- Dataset extract
----
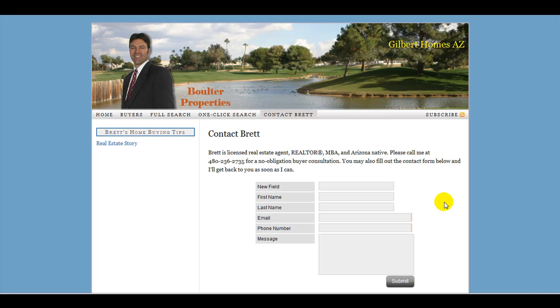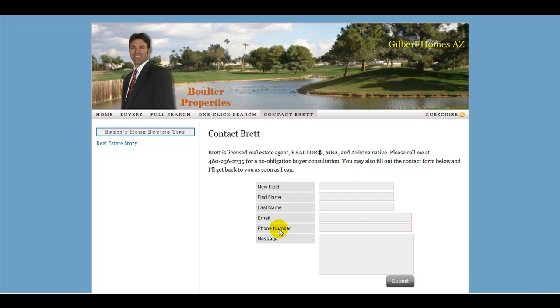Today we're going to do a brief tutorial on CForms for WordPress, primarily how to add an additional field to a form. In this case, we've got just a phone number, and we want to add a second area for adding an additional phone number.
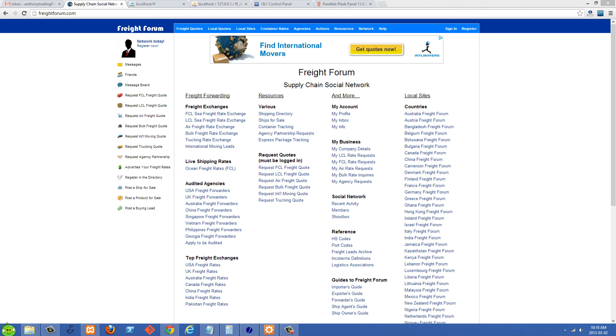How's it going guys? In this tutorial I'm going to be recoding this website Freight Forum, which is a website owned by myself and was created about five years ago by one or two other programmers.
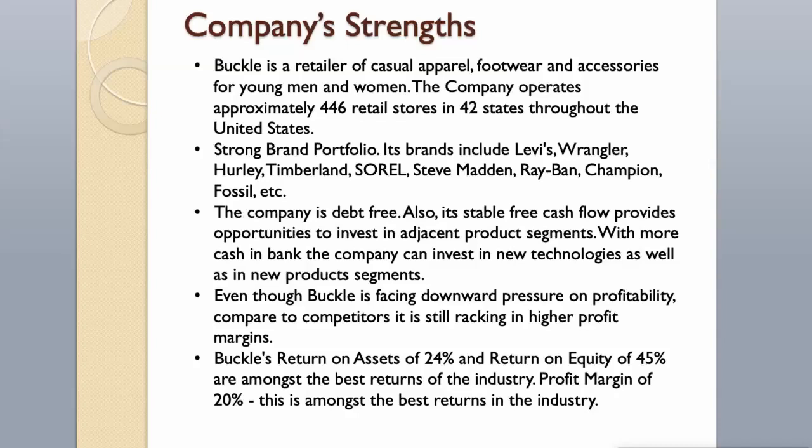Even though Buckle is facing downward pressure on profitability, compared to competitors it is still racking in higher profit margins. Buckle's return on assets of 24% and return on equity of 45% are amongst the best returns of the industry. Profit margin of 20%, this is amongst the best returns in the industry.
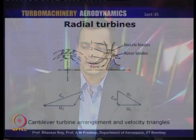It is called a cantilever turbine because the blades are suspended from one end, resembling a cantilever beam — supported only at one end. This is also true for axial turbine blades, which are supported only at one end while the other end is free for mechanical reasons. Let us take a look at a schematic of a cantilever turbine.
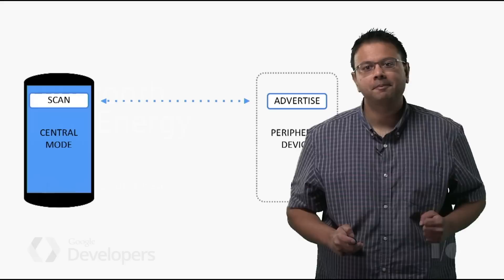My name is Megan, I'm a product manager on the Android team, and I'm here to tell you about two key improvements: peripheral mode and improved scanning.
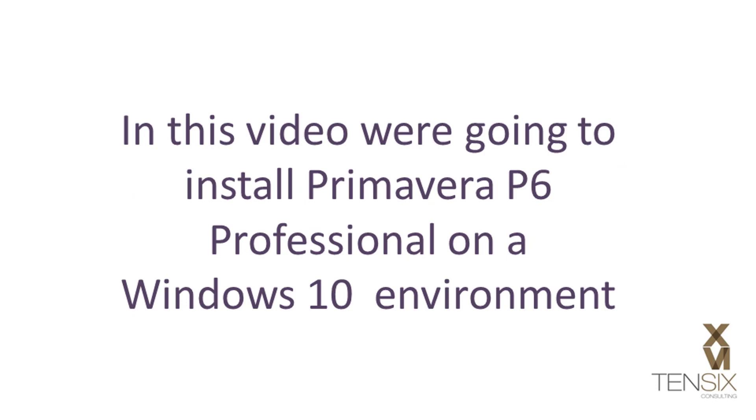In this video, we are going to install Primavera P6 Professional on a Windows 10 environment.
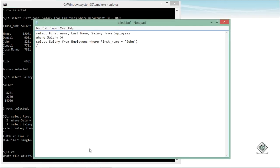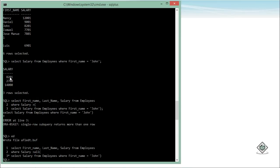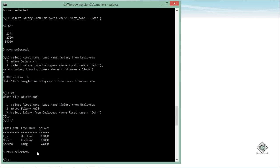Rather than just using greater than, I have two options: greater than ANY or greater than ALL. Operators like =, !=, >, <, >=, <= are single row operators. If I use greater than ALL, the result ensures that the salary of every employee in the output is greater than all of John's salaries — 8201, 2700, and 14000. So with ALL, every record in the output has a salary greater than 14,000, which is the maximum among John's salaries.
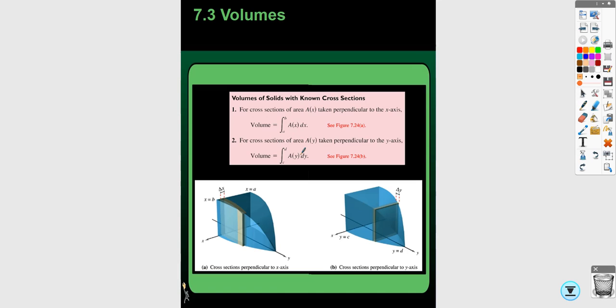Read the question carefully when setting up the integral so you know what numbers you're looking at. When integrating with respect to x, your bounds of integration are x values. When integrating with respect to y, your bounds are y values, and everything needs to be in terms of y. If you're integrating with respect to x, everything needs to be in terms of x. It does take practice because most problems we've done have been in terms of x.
----
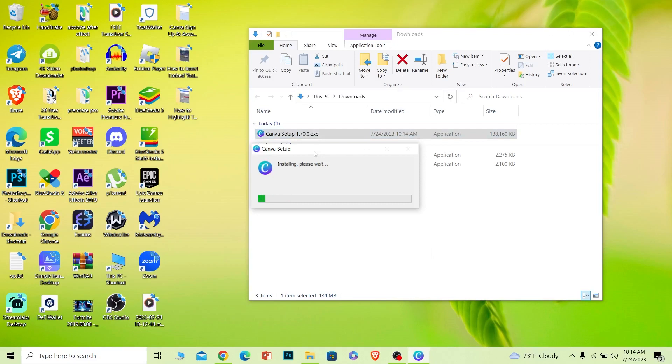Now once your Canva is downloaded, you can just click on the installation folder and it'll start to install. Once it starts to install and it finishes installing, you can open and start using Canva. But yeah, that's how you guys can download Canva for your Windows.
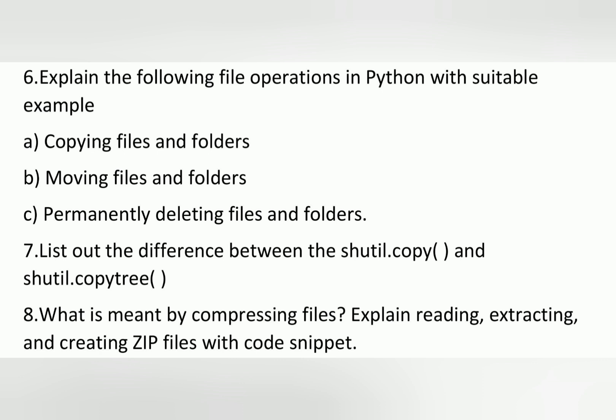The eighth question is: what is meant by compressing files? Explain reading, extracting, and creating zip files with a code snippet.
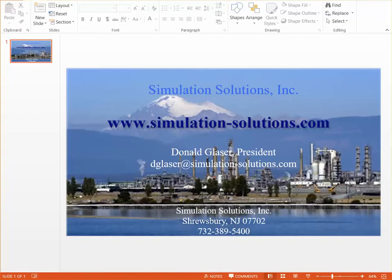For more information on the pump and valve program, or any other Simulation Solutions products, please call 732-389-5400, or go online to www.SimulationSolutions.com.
----
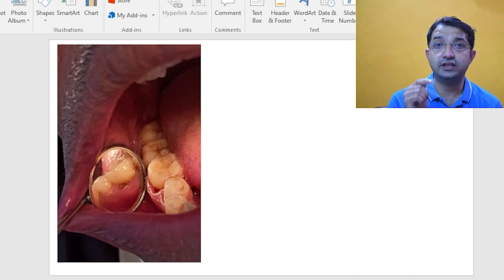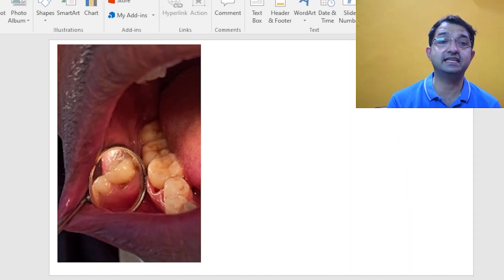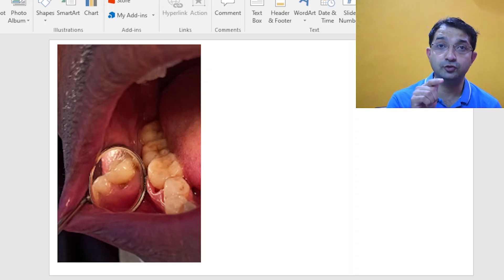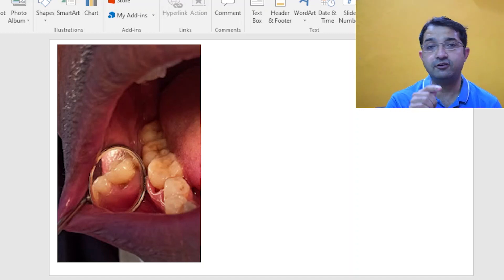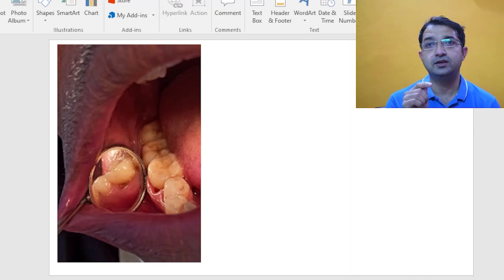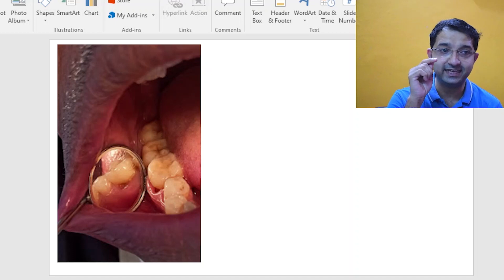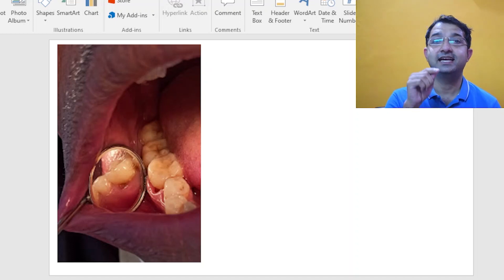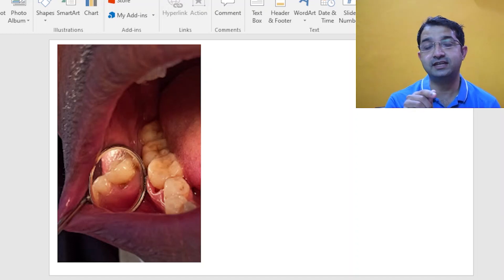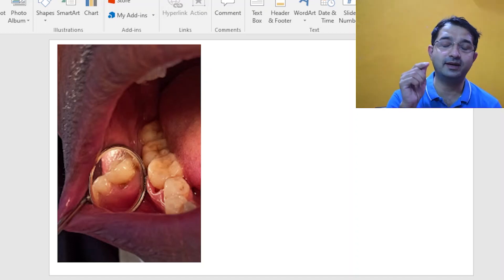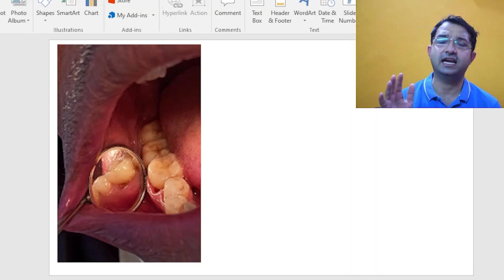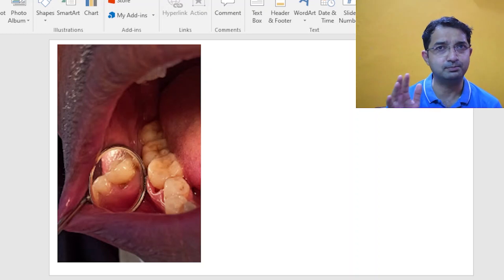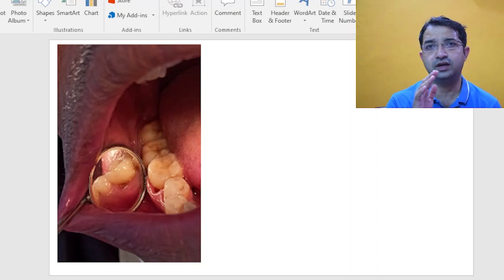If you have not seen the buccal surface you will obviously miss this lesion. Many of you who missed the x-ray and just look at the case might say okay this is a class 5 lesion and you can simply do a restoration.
----
- Problem
Give back, exactly and without pictures, the stretch of the records above from the line containing "Today we're going" through the line containing "Rather than just", with both end lines included.

- Exercise solution
Today we're going to do a brief tutorial on CForms for WordPress, primarily how to add an additional field to a form. In this case, we've got just a phone number, and we want to add a second area for adding an additional phone number.
How's it going guys? In this tutorial I'm going to be recoding this website Freight Forum, which is a website owned by myself and was created about five years ago by one or two other programmers.
Even though Buckle is facing downward pressure on profitability, compared to competitors it is still racking in higher profit margins. Buckle's return on assets of 24% and return on equity of 45% are amongst the best returns of the industry. Profit margin of 20%, this is amongst the best returns in the industry.
It is called a cantilever turbine because the blades are suspended from one end, resembling a cantilever beam — supported only at one end. This is also true for axial turbine blades, which are supported only at one end while the other end is free for mechanical reasons. Let us take a look at a schematic of a cantilever turbine.
My name is Megan, I'm a product manager on the Android team, and I'm here to tell you about two key improvements: peripheral mode and improved scanning.
In this video, we are going to install Primavera P6 Professional on a Windows 10 environment.
Rather than just using greater than, I have two options: greater than ANY or greater than ALL. Operators like =, !=, >, <, >=, <= are single row operators. If I use greater than ALL, the result ensures that the salary of every employee in the output is greater than all of John's salaries — 8201, 2700, and 14000. So with ALL, every record in the output has a salary greater than 14,000, which is the maximum among John's salaries.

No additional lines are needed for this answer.